Task requirements:
What you return must be the exact lines of the material below, from the first through the one that has "Adult Heavyweight Crop T-Shirt", with no pictures and, please, nothing else.

Recorded information:
=-=-=

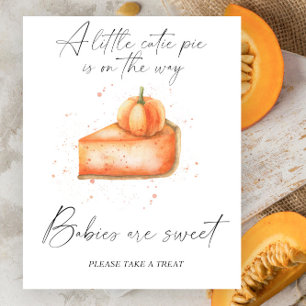 Kürbis-Herbstkuchen - Babys sind süße Poster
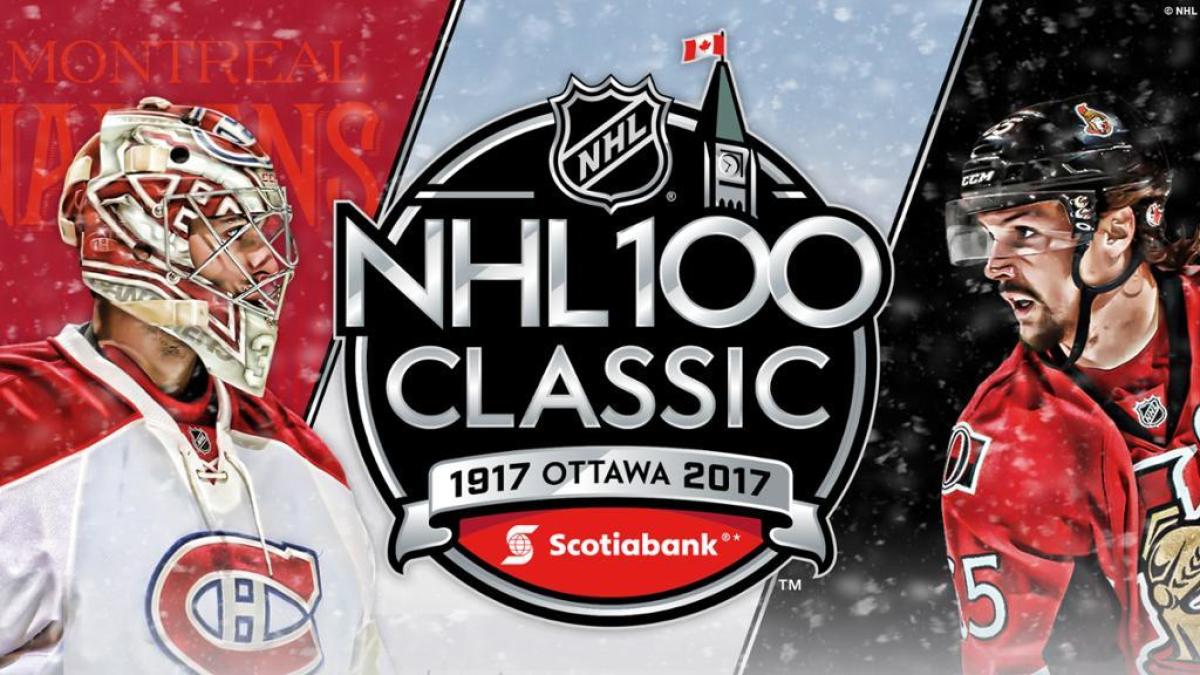 The best outdoor photos of the NHL 100 Classic from Ottawa 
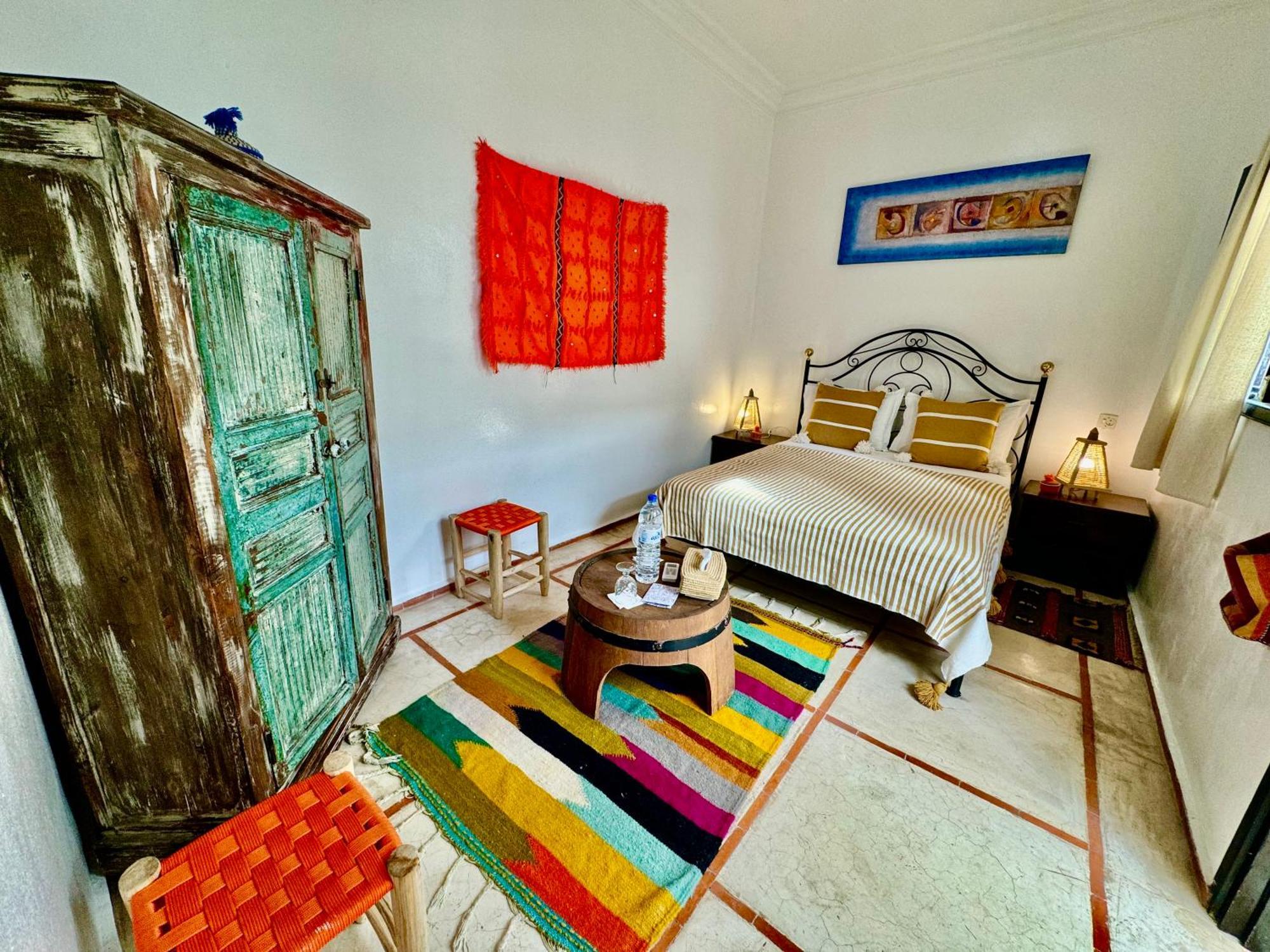 Riad Iklil Marrakesh Exteriör bild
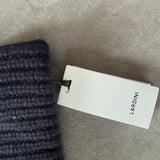 Berretto Lardini in Lana e Cashmere – Blu Navy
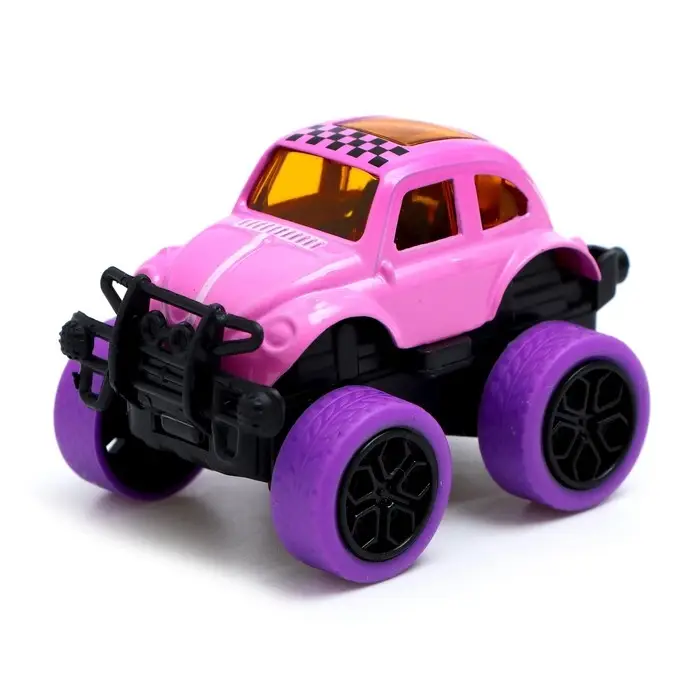 Машинка металлическая «Джип», инерция, МИКС Машинка металлическая «Джип», инерция, МИКС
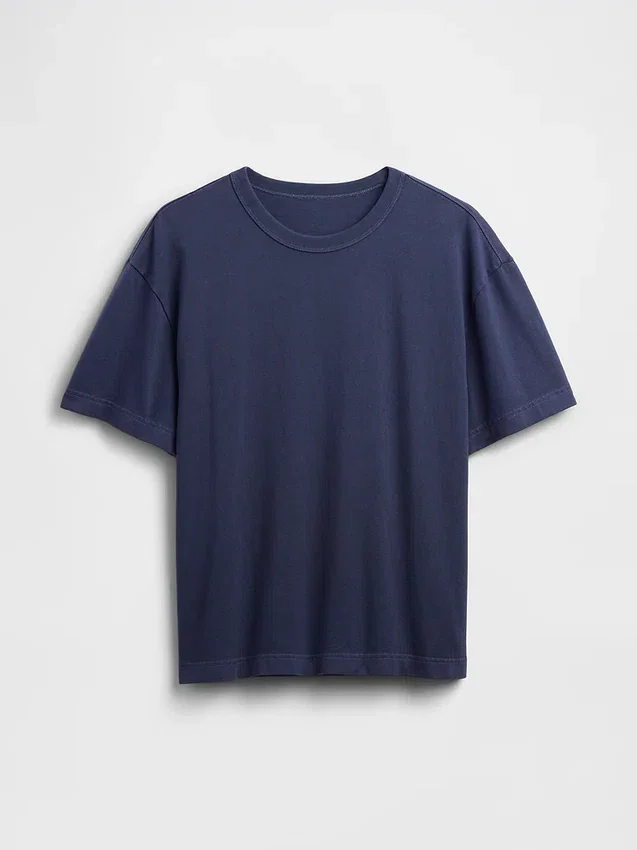 Adult Heavyweight Crop T-Shirt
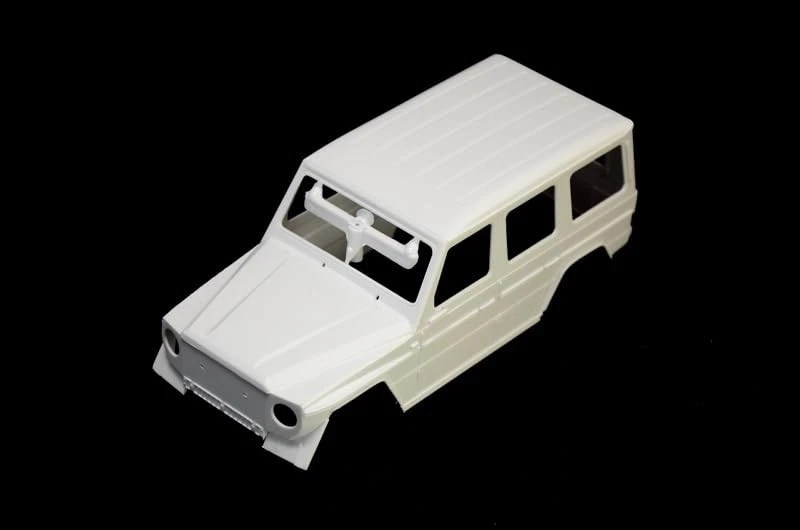 Kit modelo plástico Platz Italeri escala 1/24 Mercedes-Benz G 230 Gelandenwagen IT3 - Imagem 4 de 4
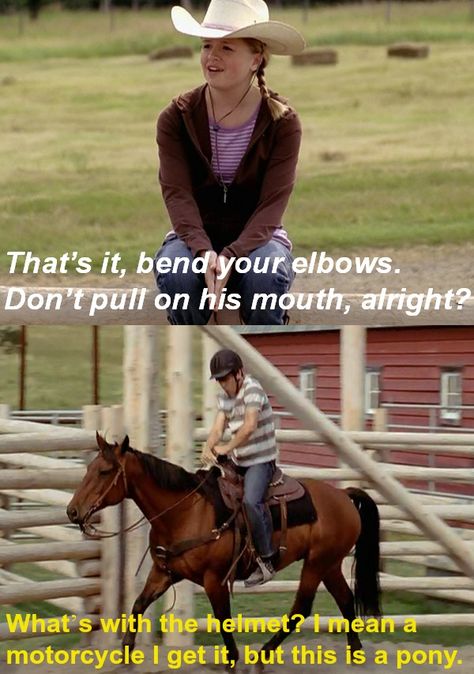 Mallory giving Ty riding lessons. (Heartland) Heartland Mallory, Amberly Snyder, Heartland Lou, Heartland Characters, Watch Heartland, Heartland Actors, Heart Land, Jessica Amlee, Heartland Cbc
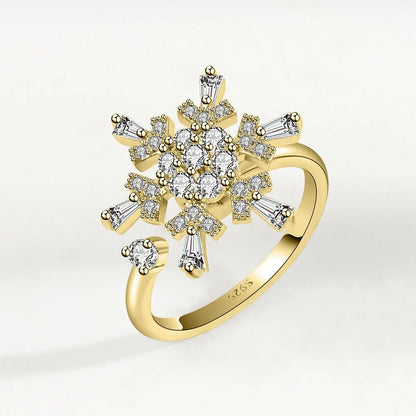 Anti-Anxiety Relief Spinner Ring for Stress And Calm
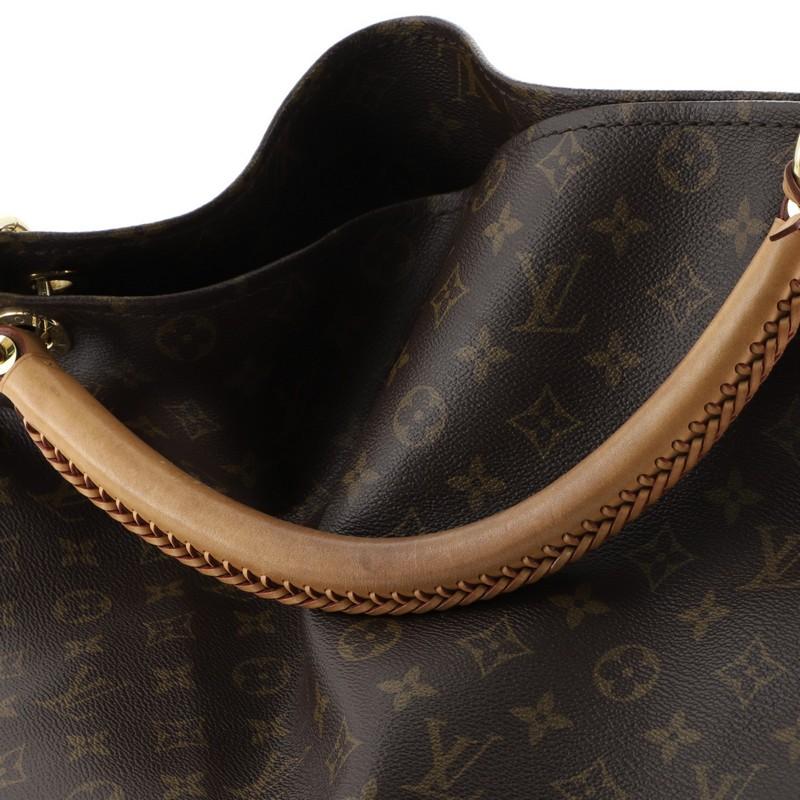 Louis Vuitton Artsy Handbag Monogram Canvas MM  1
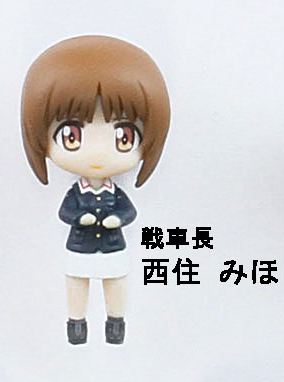 Nishizumi Miho, Girls Und Panzer, Pair-Dot, Trading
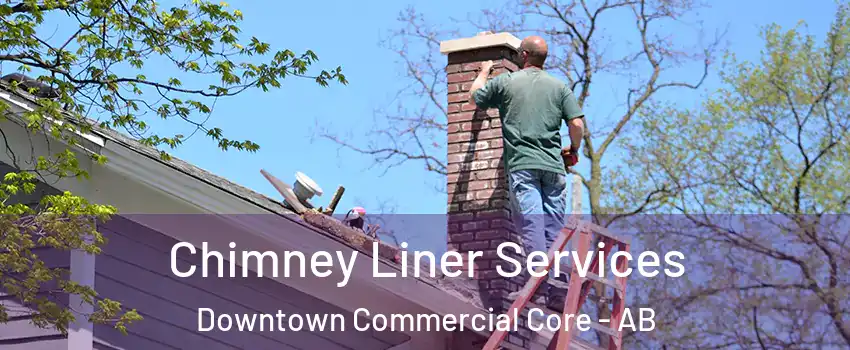  Chimney Liner Services Downtown Commercial Core - AB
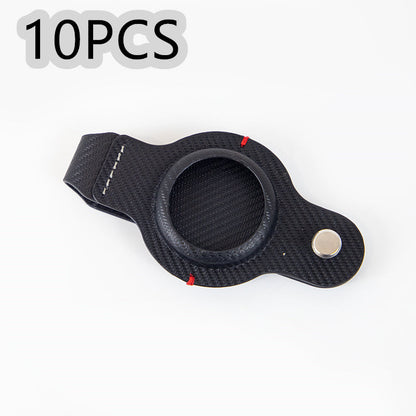 AirTag Secure Holder with Key Ring: Stylish, Durable Keychain Accessory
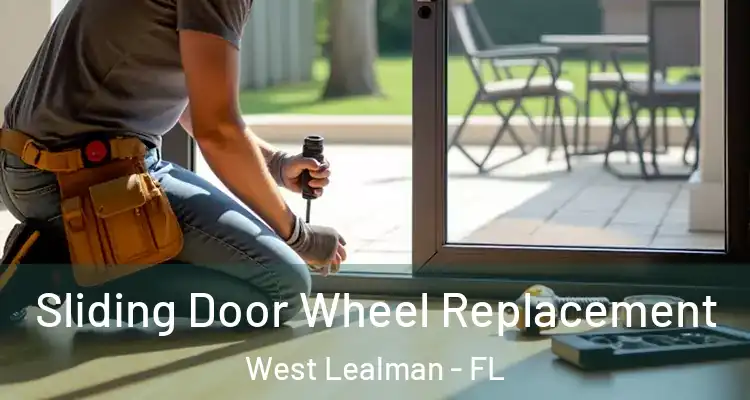 Sliding Door Wheel Replacement West Lealman - FL
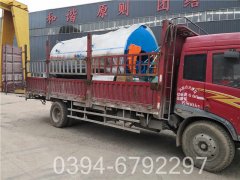 橡胶设备配套太康锅炉500公斤蒸汽锅 1.0Mpa压力节能燃气锅炉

=-=-=

Final answer:
 Kürbis-Herbstkuchen - Babys sind süße Poster
 The best outdoor photos of the NHL 100 Classic from Ottawa 
 Riad Iklil Marrakesh Exteriör bild
 Berretto Lardini in Lana e Cashmere – Blu Navy
 Машинка металлическая «Джип», инерция, МИКС Машинка металлическая «Джип», инерция, МИКС
 Adult Heavyweight Crop T-Shirt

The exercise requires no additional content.